Het was tien jaar geleden dat Johannes X. Schachtner in contact kwam met de eerste kritische editie van Giacomo Puccini’s (1858-1924) pianoliederen I Canti. Hij kreeg onmiddellijk het idee om ze te transcriberen voor orkest. Salve Regina is het enige lied in de collectie die een begeleiding van orgel i.p.v. piano vereiste. Puccini was tijdens zijn jeugd nog organist geweest, wat in deze bewerking gerespecteerd werd. Het voelde als natuurlijk aan dat Puccini het zoveel groter had bedoeld dan voor piano alleen, het was een componist van de uiterste diepe emotie. De melodieën gingen uit van zo’n rijkdom , dat het een must was om het dramatische element, wat toch zijn handelsmerk was, naar boven te halen.
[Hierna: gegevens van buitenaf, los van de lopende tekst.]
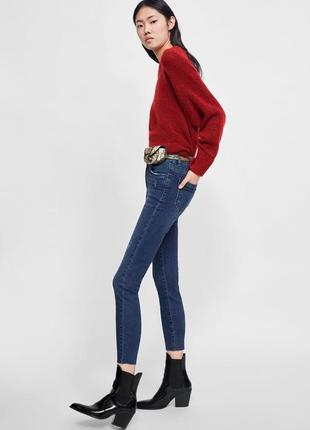 Базовые джинсы zara, рваный низ, 36р оригинал, испания2 фото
Puccini schreeft zestien liederen, die u op deze opname van BR Klassik kunt horen, uitgevoerd door het Münchner Rundfunkorchester o.l.v. dirigent Ivan Repušić en als grote ster tenor Charles Castronovo, verbonden aan de opera van Los Angeles. Hij had reeds sterrollen in Mozarts Zauberflöte, Don Giovanni, La clemenza di Tito, enz. Vooral had hij ook een signatuurrol als Rodolfo in Puccini’s La Bohème zelf. De juiste man op de juiste plaats.
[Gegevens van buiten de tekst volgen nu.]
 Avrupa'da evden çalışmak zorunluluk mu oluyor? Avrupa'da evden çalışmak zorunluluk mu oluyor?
De liederen zijn zeer verscheiden van thema en zijn onderling helemaal niet verbonden, en toch vormen ze een kroniek van het leven van de componist. Van het jeugdige, haast onschuldige liefdeslied tot indrukwekkende latere werken die de dood bezingen. We krijgen een volledig inzicht in de “workshop” van Puccini, met bvb. Mentìa l’avisso, een werk dat hij schreef voor zijn examen aan het conservatorium van Milaan voor het melodrama La solitaria delle Asturie ossia La Spagna ricuperata. Hoe men het ook draait of keert, hij haalde later duidelijk inspiratie uit zijn liederen tijdens het componeren van zijn opera’s. Het waren als het ware voorbodes. Ze maken de melodieuze achtergrond voor zijn groter werk begrijpelijker, iets wat Schachtner duidelijk heeft kunnen aanwerken tijdens de bewerking.
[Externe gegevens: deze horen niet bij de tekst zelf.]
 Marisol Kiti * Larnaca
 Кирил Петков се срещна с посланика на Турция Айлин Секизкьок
Verder krijgt u op deze opname nog drie vroege orkestwerken van Puccini te horen. Zie het als een testament van zijn jeugd, waarin u opnieuw de zaadjes hoort van zijn latere werk. Men kan zijn invloeden horen. Zelfs een glimp uit Wagners Lohengrin. Men voelt de opera en het gevoel voor liefdesverhalen en intriges reeds kiemen. Het is eens wat anders, deze opname dan de zoveelste opname van zijn volledige opera’s. Het is als diep in de ziel van de componist kijken, verder kijken dan de neus van het populaire oeuvre – dat trouwens ook zeer de moeite waard is, maar gewoon veel meer in de kijker gezet wordt.